As we wandered through the never ending halls, Heidi would point out what she felt necessary to point out. Including all three offices of the three kings and Aro's bedroom. "But why would he-" I suddenly went silent, answering my own question. I felt my face burn up, but for a different reason. I quickly decided to change the conversation. "So, what do you guys like to do for fun?"

"If you can't tell, I love to shop."

"And the guys and I like to play video games in our spare time." I turned and looked at Felix quite incredulously.

"Seriously? You play video games? What kind?" Felix smirked at me as we stopped in front of another door.

"You seem surprised. What did you think we do all day? Sleep in coffins?" Now my face was really burning up. Boy, was I embarrassed.

"No, I just thought...You never answered my question!" Felix's smirk only got bigger at my defensive tone, like he already knew my secret fantasies.

"Personally, I like games like Mario Kart, Sonic, and The Sims. Demetri likes things like Call of Duty, Final Fantasy, and GTA. And little Alec here," Felix made a grand gesture to the slightly scowling boy, who, I presumed, didn't seem to care for that nickname. "Well he's just your typical teenager. He plays things like Madden and FIFA, among other things."

"Shut up." I had to smile at the scene in front of me. They reminded me of the guys back home. My smile fell a bit at this thought. God, how I missed those idiots. I wonder how Jake was doing. I made a mental note to call Bella later.

"Hey, you alright pipsqueak?" I looked up at Felix, slightly glaring in jest.

"I'm fine. So where are we now?" Before Felix could answer me, Heidi gently pushed me aside as she opened the door in front of us. My eyes widened as we slowly made our way into the room.

"This is where the guard relaxes in our free time, when we're not training or on a mission." There were many plushy couches and bean bags, a giant flatscreen tv, and rows and rows of dvds and video games. Multiple gaming consoles, both small and large, lined the room.

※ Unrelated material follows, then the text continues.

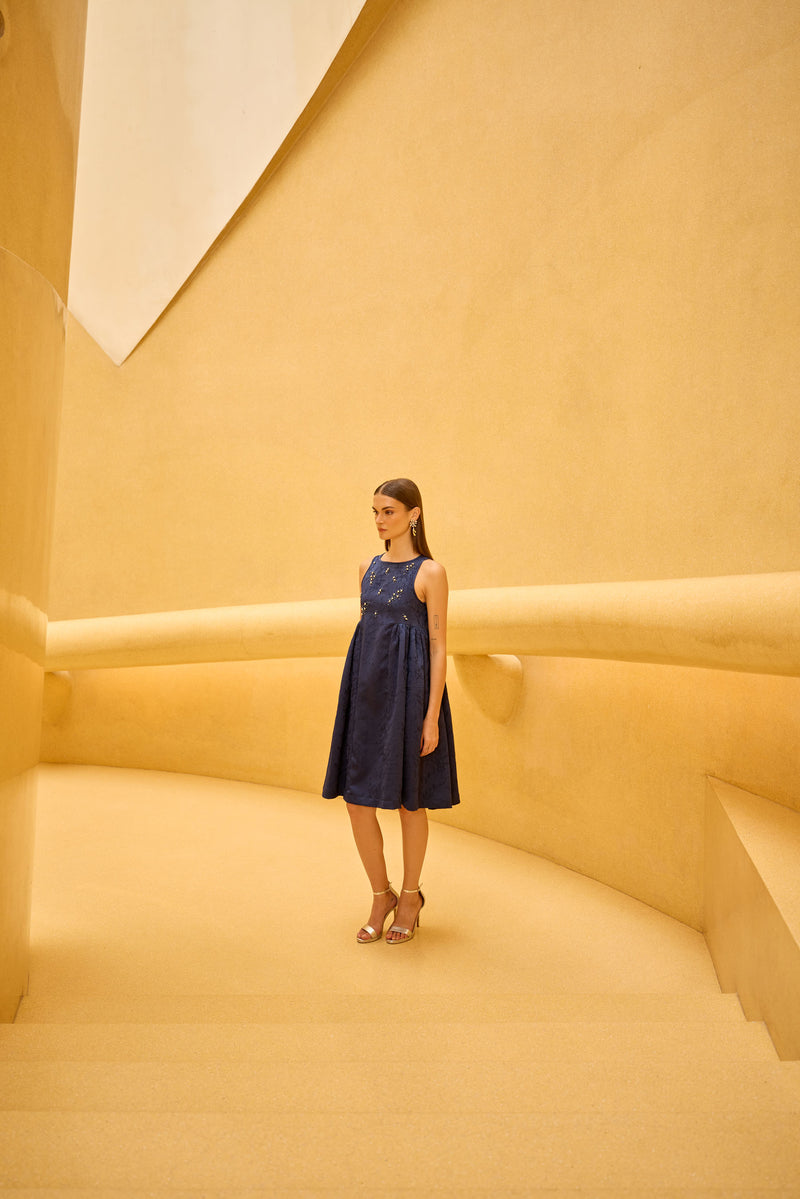 Navy blue Jacquard Midi Dress with Embellished Bodice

My mouth dropped slightly as I wandered the room slowly. I stopped when I saw what looked like an Atari. Turning back to look at my newfound gang, I exclaimed, "Do you seriously have every single gaming console known to man?!" The amount of consoles I saw was ridiculous. They even had a Pac-Man machine!

Heidi only laughed. "The boys like their video games. Especially this one here." Felix put his hands up in mock defense.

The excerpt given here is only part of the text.